The saddest part of this story happened after they got home, after Caleb talked to my dad. Sophie went to Caleb’s room and tried to hug him and tell him everything was okay. He put one arm around her and then pushed her away, a completely typical reaction for someone with autism. Sophie started crying again, whimpering, “I just wanted to help you. I just wanted to protect you” while he shut the door.

If you are ever tempted to question the legality of a handicapped permit, please leave it to the police. Not all handicaps are visible.

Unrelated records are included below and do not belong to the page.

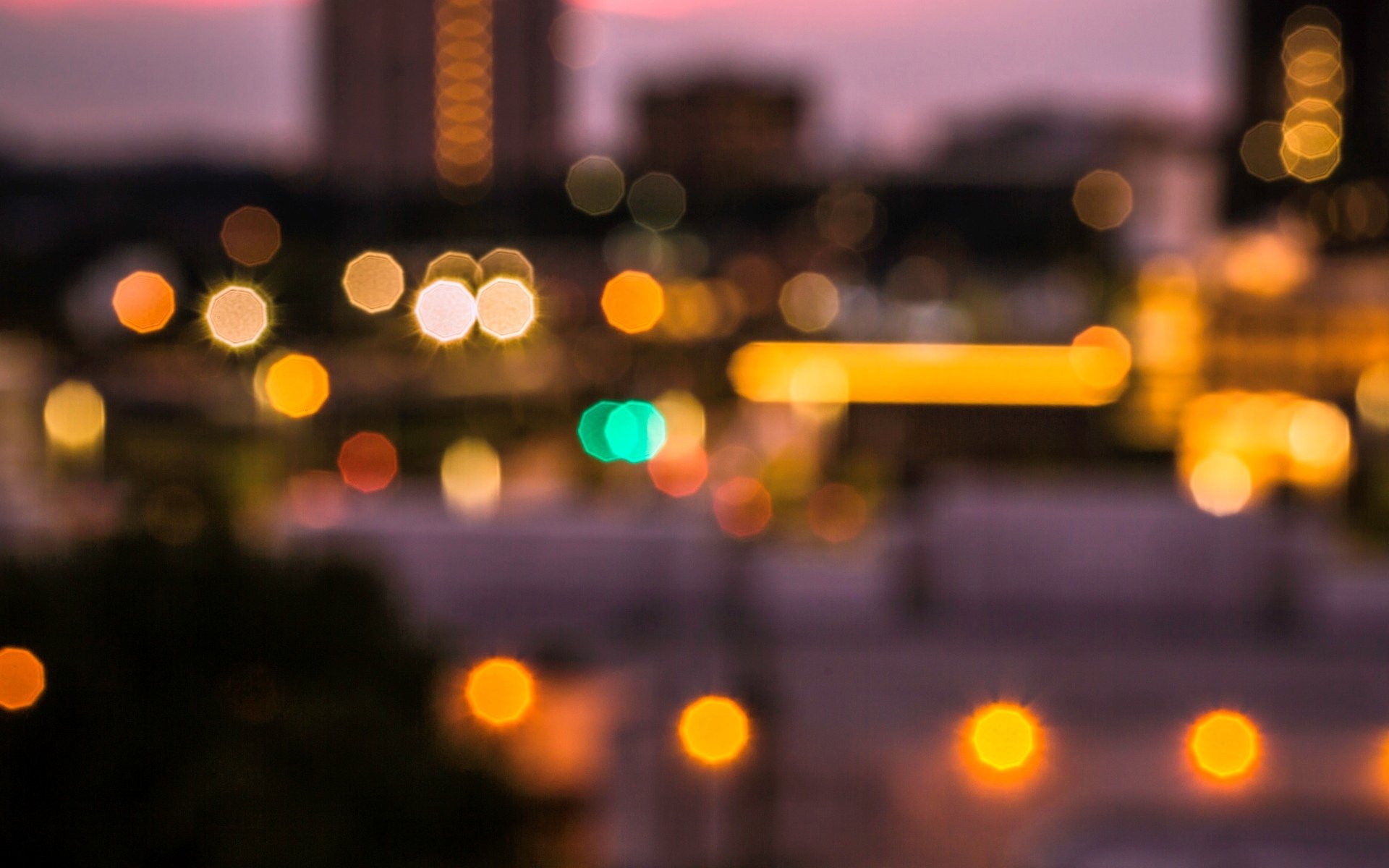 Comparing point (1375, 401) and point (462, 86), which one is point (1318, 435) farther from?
point (462, 86)

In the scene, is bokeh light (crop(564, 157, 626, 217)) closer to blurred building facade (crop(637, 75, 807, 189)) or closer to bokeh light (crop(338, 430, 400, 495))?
bokeh light (crop(338, 430, 400, 495))

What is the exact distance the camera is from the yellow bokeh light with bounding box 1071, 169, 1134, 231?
1674 inches

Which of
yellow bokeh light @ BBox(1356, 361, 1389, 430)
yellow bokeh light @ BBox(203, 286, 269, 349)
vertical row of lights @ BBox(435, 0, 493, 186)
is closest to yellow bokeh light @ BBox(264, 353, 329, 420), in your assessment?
vertical row of lights @ BBox(435, 0, 493, 186)

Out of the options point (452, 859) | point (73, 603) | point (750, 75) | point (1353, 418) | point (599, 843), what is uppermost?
point (750, 75)

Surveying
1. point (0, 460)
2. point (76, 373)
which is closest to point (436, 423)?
point (76, 373)

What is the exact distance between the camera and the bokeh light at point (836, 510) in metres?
13.3

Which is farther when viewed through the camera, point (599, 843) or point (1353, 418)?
point (1353, 418)

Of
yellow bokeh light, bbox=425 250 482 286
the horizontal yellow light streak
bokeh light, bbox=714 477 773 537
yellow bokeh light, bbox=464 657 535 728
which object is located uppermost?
the horizontal yellow light streak

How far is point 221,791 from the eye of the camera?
308cm

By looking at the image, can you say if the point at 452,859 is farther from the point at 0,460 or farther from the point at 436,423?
the point at 436,423

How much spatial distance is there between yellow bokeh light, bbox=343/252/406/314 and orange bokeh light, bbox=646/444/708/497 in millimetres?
8204

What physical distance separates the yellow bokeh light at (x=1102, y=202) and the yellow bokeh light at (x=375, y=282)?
119ft

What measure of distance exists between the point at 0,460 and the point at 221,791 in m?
13.4

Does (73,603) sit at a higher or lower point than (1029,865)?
higher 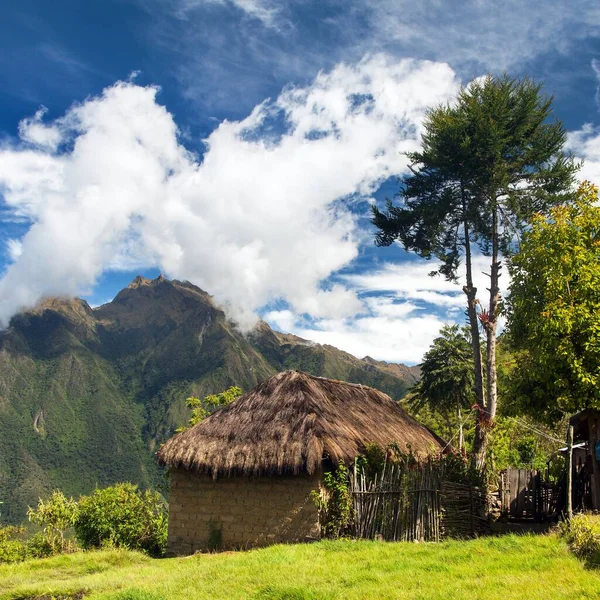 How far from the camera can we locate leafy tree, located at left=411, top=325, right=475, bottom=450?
2539cm

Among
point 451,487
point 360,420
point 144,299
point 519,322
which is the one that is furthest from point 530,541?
point 144,299

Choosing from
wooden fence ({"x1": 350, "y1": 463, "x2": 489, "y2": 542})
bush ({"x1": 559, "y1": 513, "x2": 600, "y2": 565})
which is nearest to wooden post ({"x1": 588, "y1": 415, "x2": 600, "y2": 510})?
bush ({"x1": 559, "y1": 513, "x2": 600, "y2": 565})

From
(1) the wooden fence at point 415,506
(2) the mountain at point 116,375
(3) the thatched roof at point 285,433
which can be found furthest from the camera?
(2) the mountain at point 116,375

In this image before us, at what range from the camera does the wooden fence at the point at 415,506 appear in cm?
1084

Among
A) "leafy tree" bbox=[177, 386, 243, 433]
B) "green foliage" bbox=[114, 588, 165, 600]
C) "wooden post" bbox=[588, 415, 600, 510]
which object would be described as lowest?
"green foliage" bbox=[114, 588, 165, 600]

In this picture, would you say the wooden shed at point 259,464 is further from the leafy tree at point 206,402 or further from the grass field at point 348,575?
the leafy tree at point 206,402

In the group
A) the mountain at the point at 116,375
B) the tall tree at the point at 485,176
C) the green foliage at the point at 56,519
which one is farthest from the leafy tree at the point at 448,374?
the mountain at the point at 116,375

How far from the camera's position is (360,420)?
14.9m

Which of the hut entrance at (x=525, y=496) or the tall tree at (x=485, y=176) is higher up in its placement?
the tall tree at (x=485, y=176)

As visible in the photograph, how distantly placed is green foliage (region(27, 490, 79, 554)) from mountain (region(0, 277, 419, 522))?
6873 cm

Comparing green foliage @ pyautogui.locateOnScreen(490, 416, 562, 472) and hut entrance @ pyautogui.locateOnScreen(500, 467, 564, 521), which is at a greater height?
green foliage @ pyautogui.locateOnScreen(490, 416, 562, 472)

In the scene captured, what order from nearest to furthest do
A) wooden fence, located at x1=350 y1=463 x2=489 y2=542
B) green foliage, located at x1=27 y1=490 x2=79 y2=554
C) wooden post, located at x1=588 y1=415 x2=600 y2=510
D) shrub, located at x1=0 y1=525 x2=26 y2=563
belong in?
wooden post, located at x1=588 y1=415 x2=600 y2=510
wooden fence, located at x1=350 y1=463 x2=489 y2=542
green foliage, located at x1=27 y1=490 x2=79 y2=554
shrub, located at x1=0 y1=525 x2=26 y2=563

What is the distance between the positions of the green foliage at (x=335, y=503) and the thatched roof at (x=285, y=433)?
35 centimetres

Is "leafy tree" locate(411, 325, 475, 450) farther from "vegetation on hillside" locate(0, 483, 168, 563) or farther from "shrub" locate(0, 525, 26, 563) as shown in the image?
"shrub" locate(0, 525, 26, 563)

No one deserves to be treated the way my kids were yesterday.

My Kid is Too Special for Special Olympics

Yes, you read that right.  Caleb is too special for Special Olympics.

In addition to the chromosome deletion syndrome, autism, immune issues, heart and mental defects, my sweet boy will die if he gets too hot or too cold.  He can’t regulate his body temperature at all.  When he was a baby (before we knew about this condition) his fevers would always shoot right to 105, and then he would have a febrile seizure, which was his body’s effort to return his temperature back to normal.

I had Caleb tested when he was four, when I realized that he never seemed to sweat.  The doctor put a combination of iodine and corn starch on all the places one would normally sweat, and then she set him under two heat lamps, with two wool blankets for 20 minutes.  The iodine mixture turns black when wet.  After all that time, there was not one drop of sweat.  Caleb’s case goes further than simple Anhydrosis (the inability to sweat) because he can sweat a little on his feet, and sometimes a little on his forehead, but it’s not enough to cool him, the way sweat usually works.  I was offered the option to have surgeons cut into his sweat glands and see why they don’t function properly, but since there is no cure, there is no reason to put Caleb through yet another surgery.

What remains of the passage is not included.